Give back an exact copy of the listing that follows, without the pictures.

**** Dataset extract ****

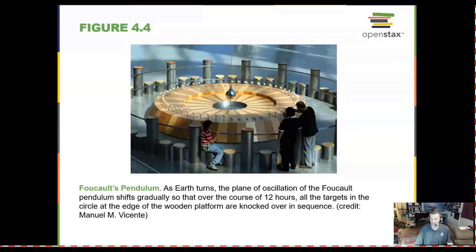In this type of pendulum, the Earth turns underneath the Foucault pendulum and can knock down these little balls every quarter of an hour as we rotate beneath it.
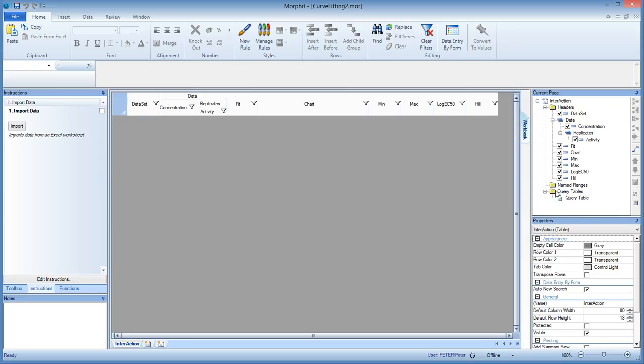So here is all the fields in the table and the query table was added in the second video and that was linked to this import button, import instruction, where we bring in the data from an external source. So the binder itself doesn't contain any data yet, it just contains all the formulas to do the curve fit.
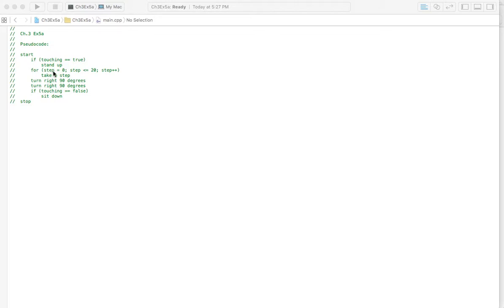You could do this another way, which would be like saying take a step, take a step, take a step, over and over and over again, and that's just ridiculous. You don't really do that in code. You would use a for loop.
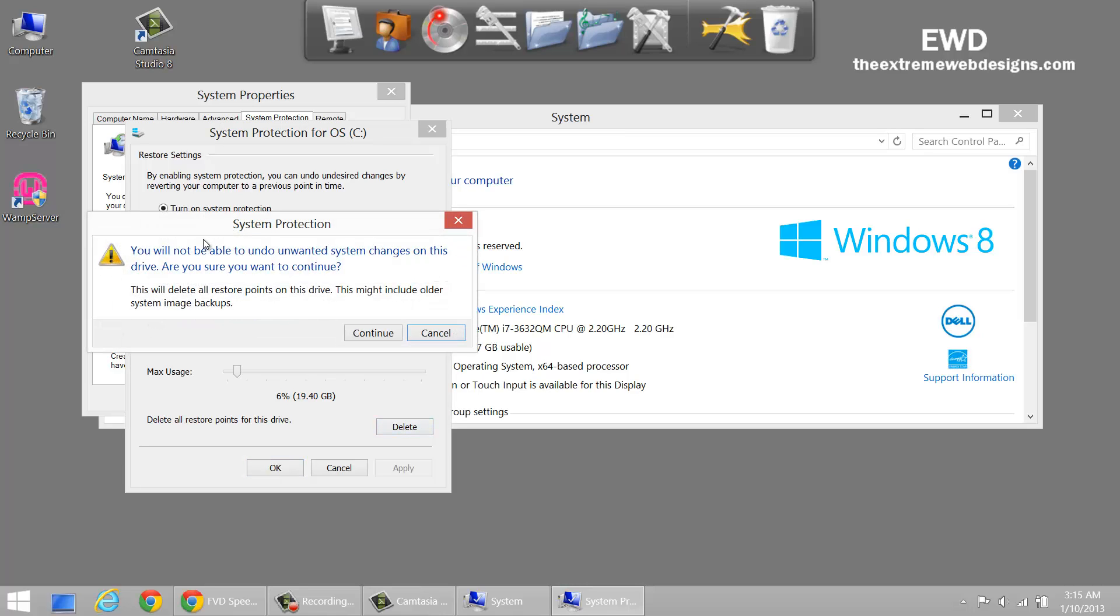And here's the prompt: you'll not be able to undo unwanted changes on this drive, are you sure you want to continue? When you're ready to delete all of the restore points just click on continue and it will delete all of that as you can see.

****

_Expected answer_:
In this type of pendulum, the Earth turns underneath the Foucault pendulum and can knock down these little balls every quarter of an hour as we rotate beneath it.
So here is all the fields in the table and the query table was added in the second video and that was linked to this import button, import instruction, where we bring in the data from an external source. So the binder itself doesn't contain any data yet, it just contains all the formulas to do the curve fit.
You could do this another way, which would be like saying take a step, take a step, take a step, over and over and over again, and that's just ridiculous. You don't really do that in code. You would use a for loop.
And here's the prompt: you'll not be able to undo unwanted changes on this drive, are you sure you want to continue? When you're ready to delete all of the restore points just click on continue and it will delete all of that as you can see.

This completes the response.